Por trás dessas contas no Twitter estão pesquisadores amadores, especialistas em temas militares e armamentos, que podem ser desde técnicos em TI até meros estudantes universitários. Seu trabalho não difere muito das tarefas de um funcionário de um serviço secreto estatal. A diferença é que todo o material que coletam é público e está disponível na Internet, em plataformas como
OpenStreet Maps, Google Maps, bases de dados públicas, imagens de satélite abertas e até material de câmeras de vigilância disponibilizado ao público.
Contas OSINT internacionais, como Intel Crab, Caliber Obscura e Aurora Intel, ou a do brasileiro Der Flecha têm chamado a atenção e adquirido um enorme número de seguidores nos últimos dias.

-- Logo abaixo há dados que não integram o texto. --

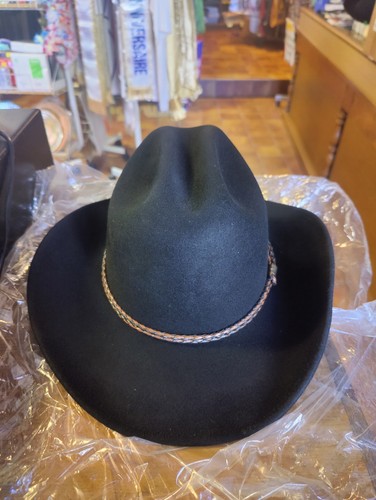 Chapeau cowboy feutre noir - de,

A Caliber Obscura tem mais de 105.000 seguidores no Twitter (20 mil deles conquistados nas duas últimas semanas) e o responsável afirma ser contratado por ONGs para sua pesquisa de rastreamento de armas. Ele acaba de criar uma nova conta com outro pesquisador amador OSINT, a Ukraine Weapons Trackers, que, em menos de um mês, já reuniu quase 200.000 seguidores.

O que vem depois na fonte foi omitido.